GCI is preparing to install a fiber optic cable network in Deering and Kivalina to bring high-speed internet to residential homes and businesses in the upcoming years.
“Once the project is complete, residential customers will have access to 2.5 gig internet speeds, unlimited data, and the same plans and pricing as GCI customers in Anchorage,” the GCI officials said in the press release.
The company hosted community meetings in both Kivalina and Deering to give residents an overview of the project and describe the advantages the fiber-optic service can bring such as faster speeds and cheaper plans, said GCI Chief Communications Officer Heather Handyside.
Kivalina resident Enoch Adams didn’t attend the community meeting but expressed support for the project, saying that the internet in the village now can be slow and unreliable.
“I think it would be good,” Enoch Adams said about the fiber project. “it will be faster, it will be hopefully cheaper.”
The project started this August when the company started connecting Kivalina and Deering to the existing fiber-optic infrastructure in Kotzebue. More than 170 miles of subsea fiber required for the project was successfully deployed and is currently in place, Handyside said.

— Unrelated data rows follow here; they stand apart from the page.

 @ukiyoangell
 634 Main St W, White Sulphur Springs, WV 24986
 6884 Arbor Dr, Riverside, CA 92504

“Shelter structures, which serve as the connection point between the subsea fiber and local network infrastructure, have been installed in both communities,” said GCI Principal Program Manager Rebecca Markley. “Once crews complete electrical work at both shelter locations, GCI teams will begin installing network equipment in preparation for next year’s local buildouts in Kivalina and Deering.”
GCI said they plan to start installing fiber to homes and businesses in 2024.

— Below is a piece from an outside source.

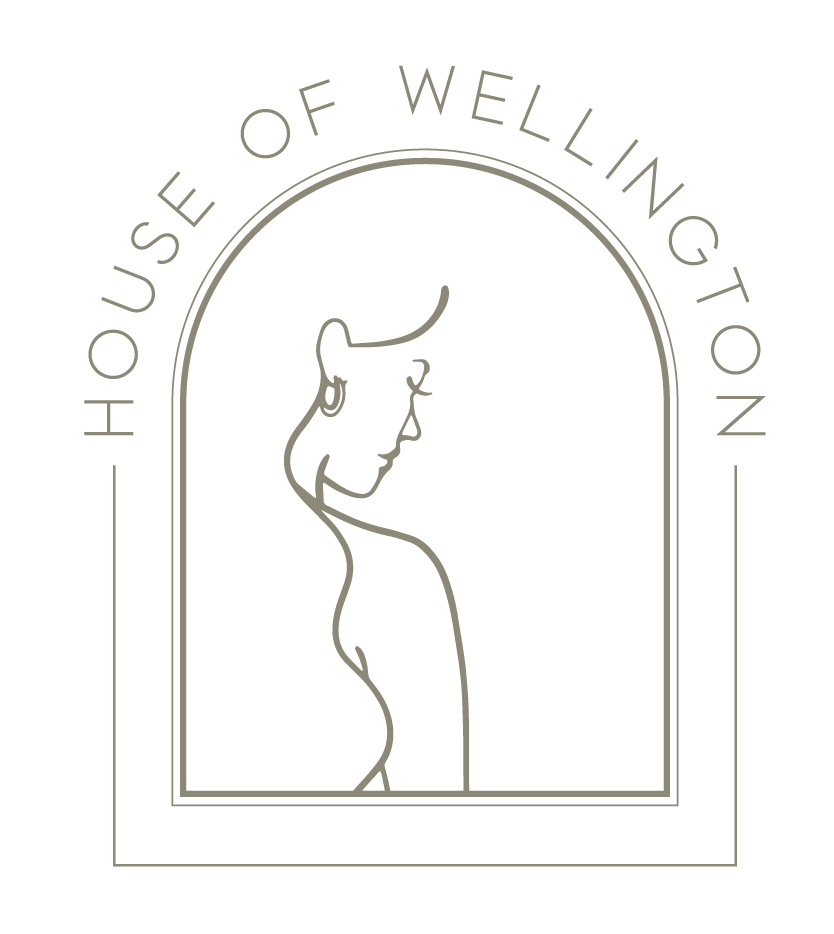 House of Wellington
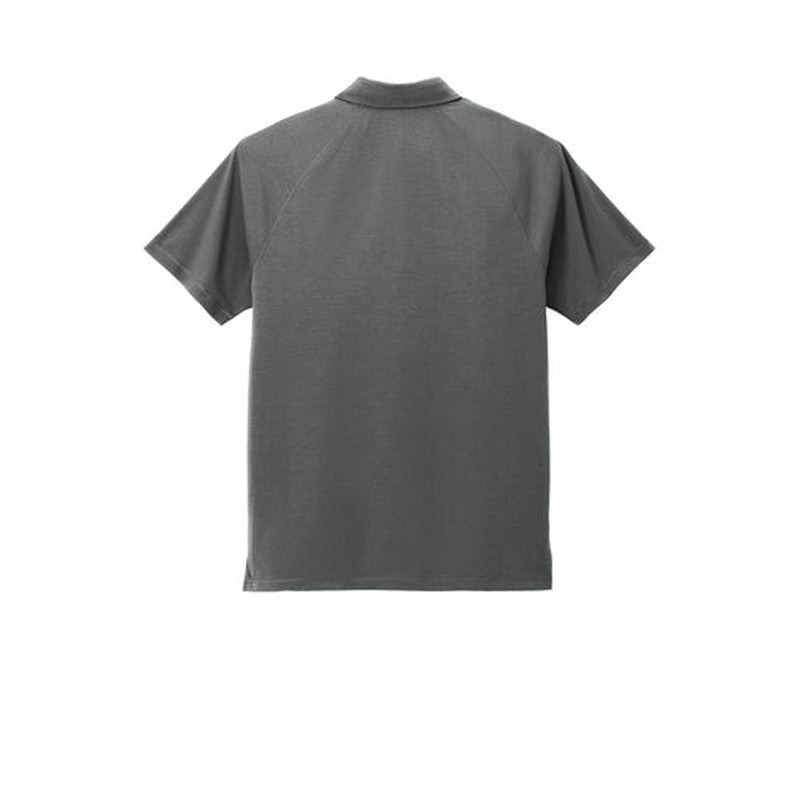 NEW - OGIO® Motion Polo - Tarmac Grey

In Kivalina, severe storms frequent the community every year. Handyside said that while fiber can be affected by extreme environmental conditions, those situations are very rare, and common storms are unlikely to disrupt fiber-optic service.
Earlier this year, a subsea fiber network run by Quintillion up in the Beaufort Sea was severed by ice movement, cutting cell and internet services in a multitude of communities.
“I’m worried about the ice and lines cut off like in Barrow this past year and Point Hope,” Adams said. “If they able to address that I don’t have concerns.”
Handyside said that when GCI deploys subsea fiber, the company uses special armoring of the cable and sea floor trenching to put it as deep as possible. Still, incidents can happen, and to mitigate the risk, the company ensures backup networks — such as satellite services in the cases of Kivalina and Deering.
“Incidents like this past summer’s fiber cut are a stark reminder of the importance of provider investment in diverse telecommunications networks,” Handyside said. “While fiber is the best, fastest and most reliable technology to deliver broadband, it’s just as important to invest in backup systems and redundancy.”
Besides the Deering-Kivalina Fiber Project, GCI is working to bring fiber optic to Unalaska and 12 Aleutian, Alaska Peninsula and Kodiak Island communities, the company said. GCI also partners with the Bethel Native Corporation to deliver urban-level connectivity to 13 Yukon-Kuskokwim Delta communities.
“Our project teams throughout the state are going all out in their effort to help close the digital divide in rural Alaska,” Handyside said in a statement.